Trust is the story of Sophia, a twenty-five-year-old Brazilian widow who tries to alleviate her loneliness in the United Kingdom. She meets two men, a mild-mannered steel industry tycoon and an overbearing, powerful banker. These suitors have nothing in common. Ethan is a sophisticated gentleman, while Alistair is an exciting challenge. Educated and refined, Sophia is more compatible with Ethan on an intellectual level, yet she is magnetically drawn to Alistair, a troubled man with a cruel streak and a need to punish women.
The first installment of an intended series, Trust plunges a grief-stricken Sophia back into the process of living, subjecting her to pain and pleasure, sadness and elation. The love scenes are explicit and written well, and they reveal character rather than just physicality. Serruya writes, “She seemed so vulnerable, huddled on the seat. Unable to resist, he rested his palm against her cheek. She pressed her face onto his hand. Alistair froze at the intimate movement, at the gesture of trust, of her seeking comfort from him.”

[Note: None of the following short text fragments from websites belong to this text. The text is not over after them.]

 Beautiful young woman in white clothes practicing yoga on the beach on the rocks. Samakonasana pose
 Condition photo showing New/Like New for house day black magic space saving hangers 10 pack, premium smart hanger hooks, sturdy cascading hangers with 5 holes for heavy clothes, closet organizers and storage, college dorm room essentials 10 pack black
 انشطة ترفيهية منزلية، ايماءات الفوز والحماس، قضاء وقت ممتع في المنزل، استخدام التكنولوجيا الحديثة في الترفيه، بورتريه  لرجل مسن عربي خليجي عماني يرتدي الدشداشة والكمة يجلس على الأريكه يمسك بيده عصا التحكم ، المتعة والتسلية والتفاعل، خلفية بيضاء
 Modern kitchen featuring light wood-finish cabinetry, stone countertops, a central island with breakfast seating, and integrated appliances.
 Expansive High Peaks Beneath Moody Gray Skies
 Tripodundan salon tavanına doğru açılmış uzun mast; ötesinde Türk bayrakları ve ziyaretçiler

While this volatile romantic situation is wired for the novel’s success, a meandering delivery drags the narrative down. There is also a good deal of rambling dialogue that takes off in directions that contribute nothing to the plot. Instead of carefully edited scenes, readers are presented with extensive description of the settings and prolonged conversations that slow the story’s pace and do little to enhance character development and action. As well, some erotic interludes could be shortened without losing impact.
Trust is a nearly five-hundred-page novel without a definitive resolution. The final pages allude to the next installment of the series, and interested readers will have no choice but to read the next book to find out what happens. While this may be a smart marketing maneuver, many readers will likely wish that Serruya had tied up a few loose ends in this story before moving on to the next.
Cristiane Serruya lives in Rio de Janeiro, and she infuses Sophia’s personality with an authentic cultural flair. The author’s studies in Europe have given her writing a realistic appeal in descriptive passages, which can only be attained through familiarity with the subject matter.
This novel is a mainstream romance that will draw readers of eclectic general fiction. It crosses genre boundaries and breaks genre rules to stand on its own. Those who appreciate a drawn-out escapade will enjoy the work of this promising writer.